17 March 2011

Using Prezi.com for Genealogy

     Yesterday I posted a genealogy timeline that I created using Prezi.com. My sister, who is a student teacher, showed me an awesome US History presentation she had created for her class and I immediately wanted to create something of my own.

     As stated on their website:

"At Prezi, we're all about helping people understand each other better. Presentations have not evolved much in the 50 years since the slide was invented, but Prezi is changing that. Prezi lets you bring your ideas into one space and see how they relate, helping you and your audience connect. Zoom out to see the big picture and zoom in to see details — a bit like web-based maps that have changed how we navigate through map books."
     Pretty much, this is an online program that takes a powerpoint style presentation to a whole new level. Instead of simple, individual slides, prezi allows users to create dynamic, twisting presentations that can do things that made me say "wow."

     I signed up for the free student/teacher edition using my college email address. Otherwise there are both free and paid accounts. The differences in the accounts are mainly based on storage and privacy.

     Prezi is pretty easy to use, but does take some experimenting to get used to using. Mainly you create an element using the control panel on the top left and then edit it using the control curser, called a "zebra" (it's got lots of "stripes"). Here's a screenshot of the "canvas" where you create your prezi:

     You can place text, photos, videos, etc onto a canvas space however you want: upside down, sideways, etc, then determine what size you want it to be. You then create a path between each element that will be followed when you present the presentation. You can create your own color scheme or use a pre-created one. When you're done, you can download the prezi or embed it in a blog or website.

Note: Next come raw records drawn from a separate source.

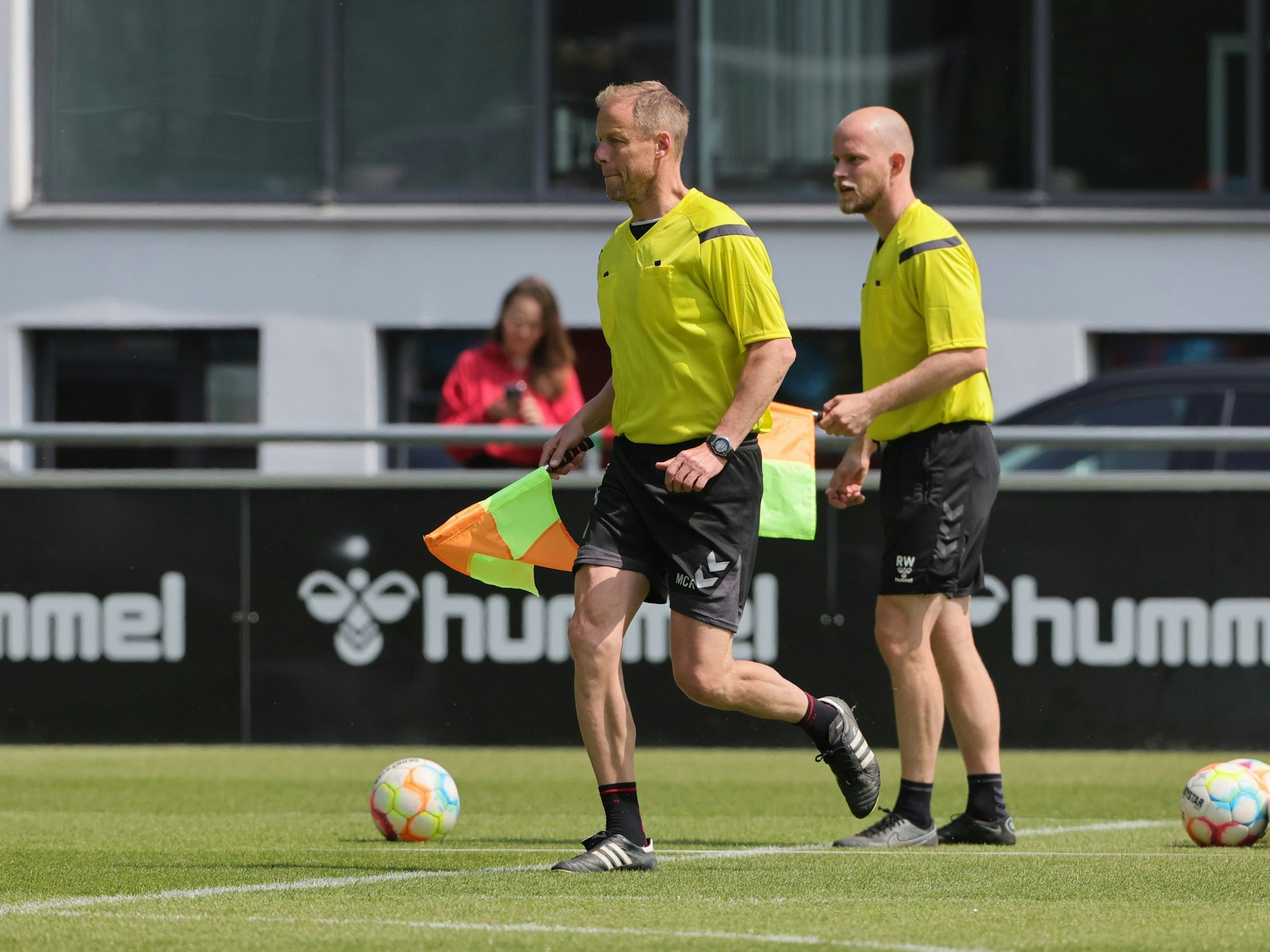 Kevin McKenna und Rene Wagner (1. FC Köln) sorgen als Linienrichter für Spaß.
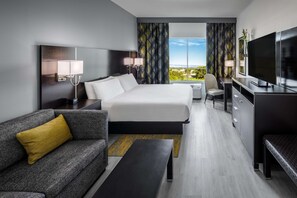 Chambre, 1 trĂšs grand lit et 1 canapĂ©-lit | Literie de qualitĂ©, coffre-fort, bureau, systĂšme dâinsonorisation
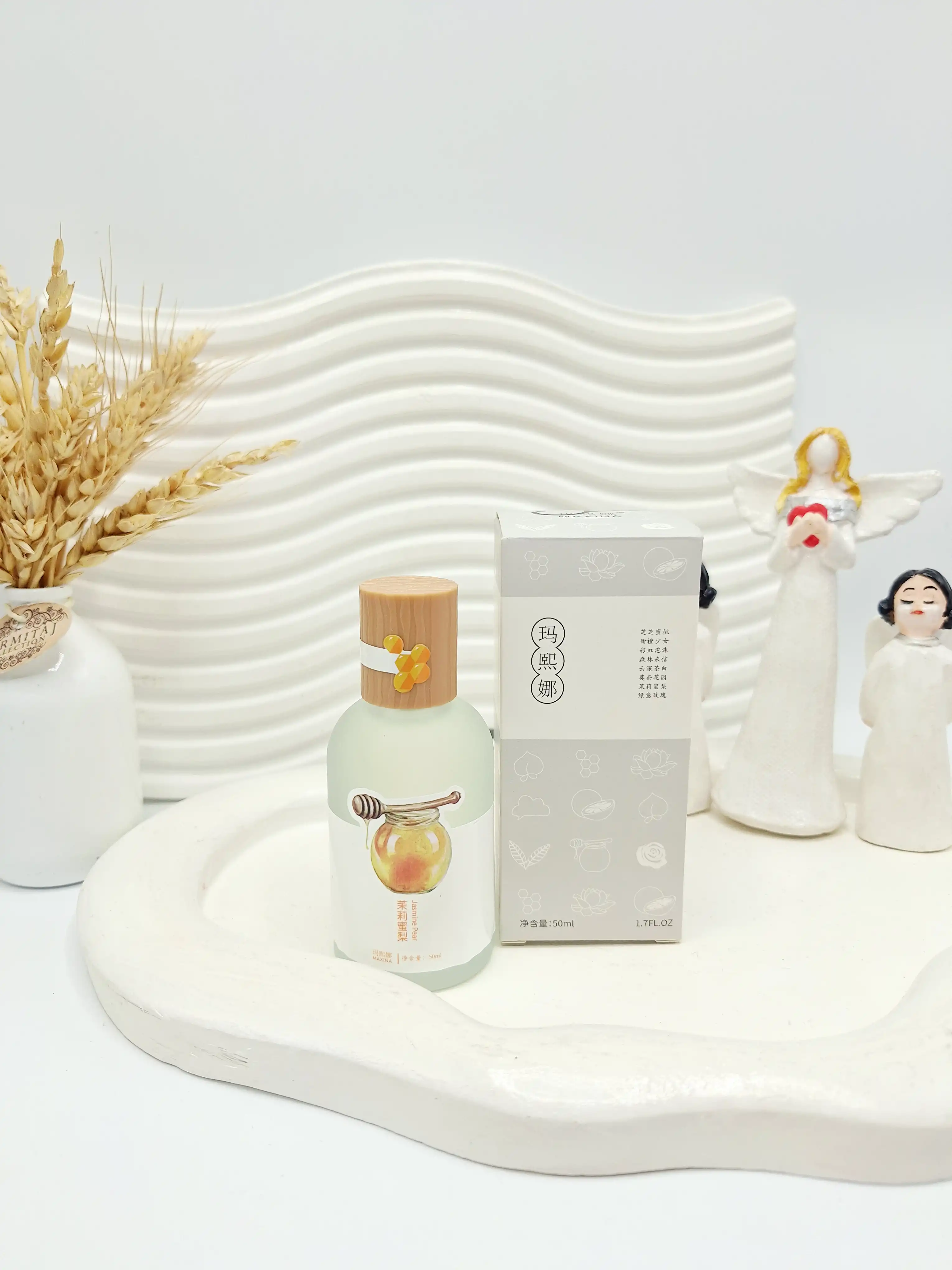 عطر بیکینی چوبی رایحه عسل حجم 50 میل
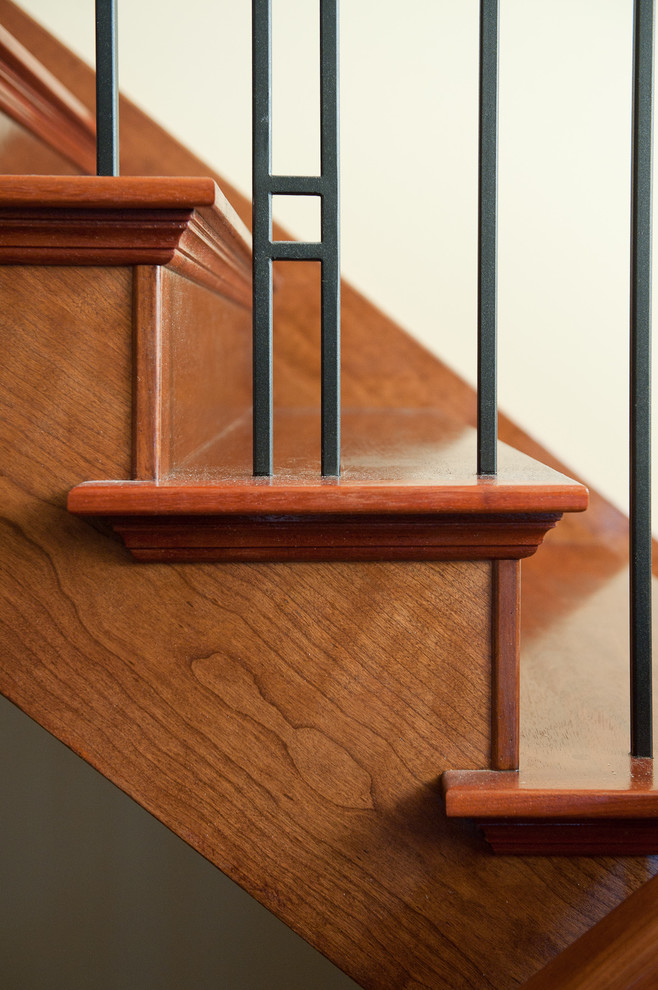 Стильный дизайн: прямая деревянная лестница среднего размера в стиле кантри с деревянными ступенями и металлическими перилами - последний тренд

     I would like to see some additional features. You can add 'shapes', but all you have are circles, shaded squares, arrows and brackets of one basic design. When you choose a color scheme, it applies to all of that type of element in your prezi. You can print to PDF, but it automatically sizes to fit on a 8x10 page with no apparent option for larger sizes.

     Overall, I think this is a great tool for creating family history slideshows. Think of how you could use this to explain the family tree at a reunion. Or perhaps a presentation to your local genealogical society?